Меня же какой-то непонятной магической силой тянуло рассказать то, что я знал о молодых партийных карьеристах, а перевидал я их к тому времени немало. Сам не знаю, откуда взялась эта тяга. Может, я каким-то седьмым, писательским, чувством предощущал скорый крах советской цивилизации с ее неповторимым номенклатурным миром? Или предвидел, что именно эти молодые мустанги партии и комсомола станут основной движущей силой капитализации страны? Была и другая причина: в повести «ЧП районного масштаба», законченной в 1981 году, я кое-что недоговорил, о чем-то умолчал из опаски, что вещь никогда не напечатают, ведь советская власть в ту пору казалась незыблемой, как Памир, и неисчерпаемой, как Байкал. Заметьте, футурологические произведения фантастов, например Ивана Ефремова или братьев Стругацких, пророков передовой советской интеллигенции, давали картины продвинутого бесклассового общества. О реставрации капитализма никто и не грезил. В этом смысле в наших головах царила полная каша. Так, мы, студенты пединститута, создали тайную литературную организацию и для написания программы сошлись в большой квартире Саши Трапезникова, сына военного прокурора Московского округа. Выпили и стали обсуждать первый раздел: будущее общественное устройство страны. Не больше и не меньше.

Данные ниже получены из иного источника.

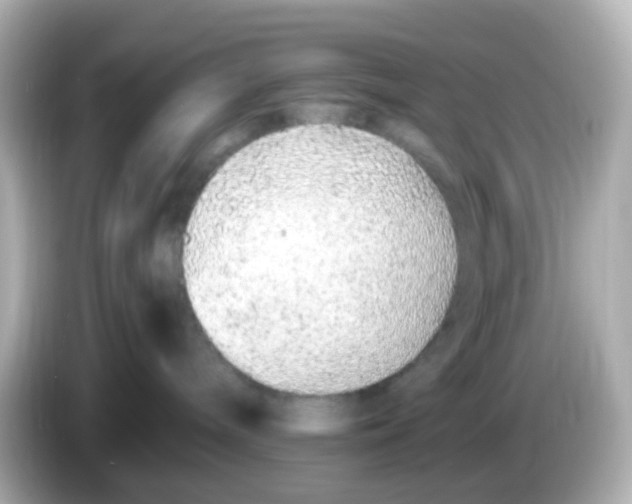 X0000085780240200704091417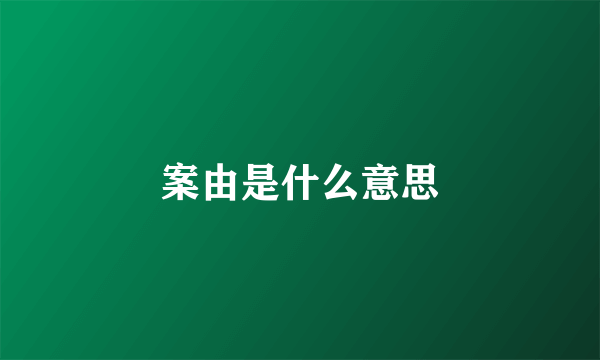 案由是什么意思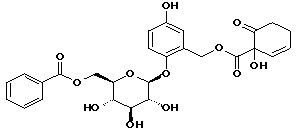 Homaloside D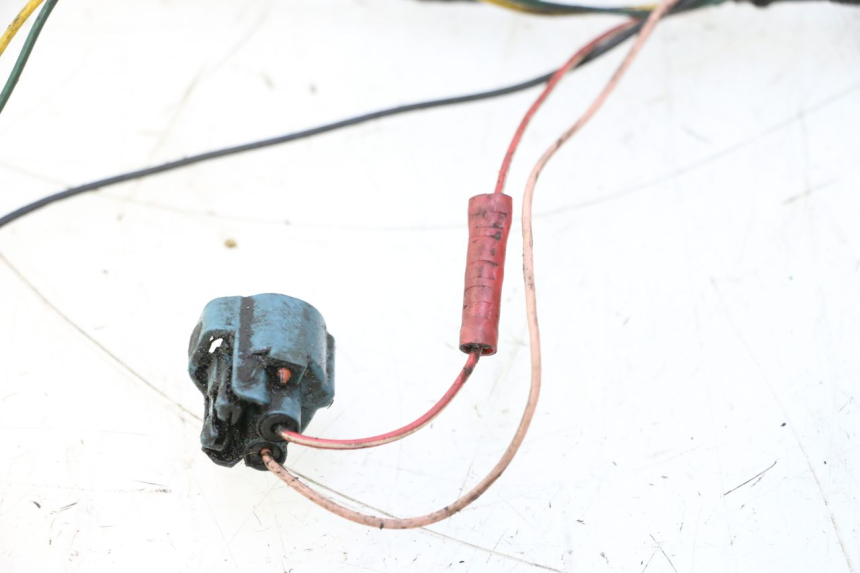 photo de CABLEADO PEUGEOT LUDIX ONE 50 (2004 - 2006) - Primer plano técnico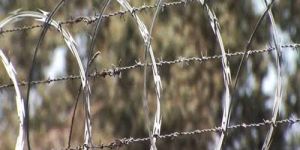 Concertina Wire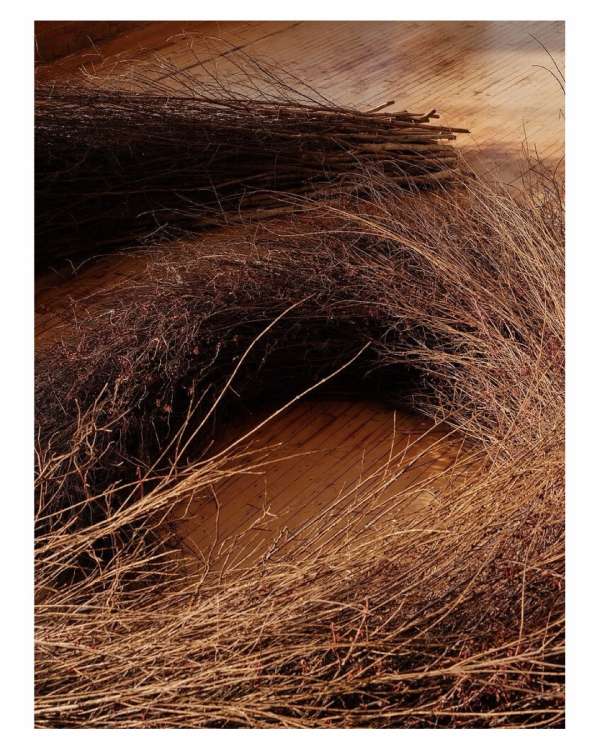 Emiliano Granadao (@quesofrito) photographs...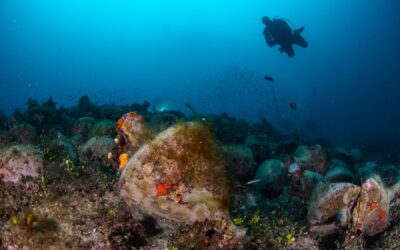 Underwater Cultural Heritage: Protecting the Stories Beneath the Sea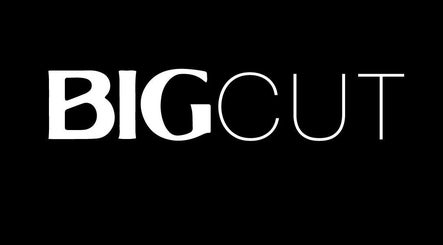 BigCut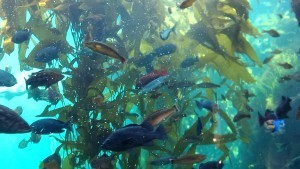 Kelp Forest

– Необходимо разрешить частную собственность! – заявил Саша.

– Капитализм, что ли? – не понял я.

– Нет, капитализм не нужен. Только частная собственность…

Потом долго спорили, как захватить власть, и пришли к выводу, что без помощи уголовного мира не обойтись. Ну не идиоты! Слава богу, на том наши бдения и закончились, а то бы моя первая повесть называлась не «Сто дней до приказа», а как-нибудь иначе – «Места отдаленные», например. Преувеличиваю? Но ведь впаяли же за подобные вещи семь лет прозаику Бородину, и как раз в те самые времена.

Впрочем, для написания «Апофегея» имелся и еще один мотив. О нем скажу подробнее. Иные критики, в советский период обслуживавшие коммунистическую идеологию с подобострастием брадобреев, теперь уверяют нас, будто вся советская литература – это унылый соцреализм, не имеющий ничего общего с жизнью. Вранье. Вранье даже в отношении самых мрачных времен, а уж о позднем, ослабившем идеологическую хватку режиме и говорить нечего. Ну какие соцреалисты Шолохов, Катаев, Ильф и Петров, Пильняк, Платонов, Леонов, Белов, Астафьев, Распутин, Солоухин, Трифонов, Вампилов?.. Никакие. Другое дело, существовало несколько, так сказать, табуированных зон, где отечественная литература вдруг кубарем скатывалась со своих высот и начинала улыбчиво заискивать перед властями предержащими, как официант перед недовольным клиентом. Речь о темах, которые искони считались политически важными. Что-то вроде строго охраняемой рощицы посреди общедоступного лесного массива. «Вы куда?» – «Туда!» – «Туда нельзя!» – «Почему?» – «Потому! Не задерживайтесь!» Собственно, художественным рассекречиванием таких закрытых зон я и занимался в тот период: армия, комсомол, школа… Но самой секретно-табуированной была, конечно, партия.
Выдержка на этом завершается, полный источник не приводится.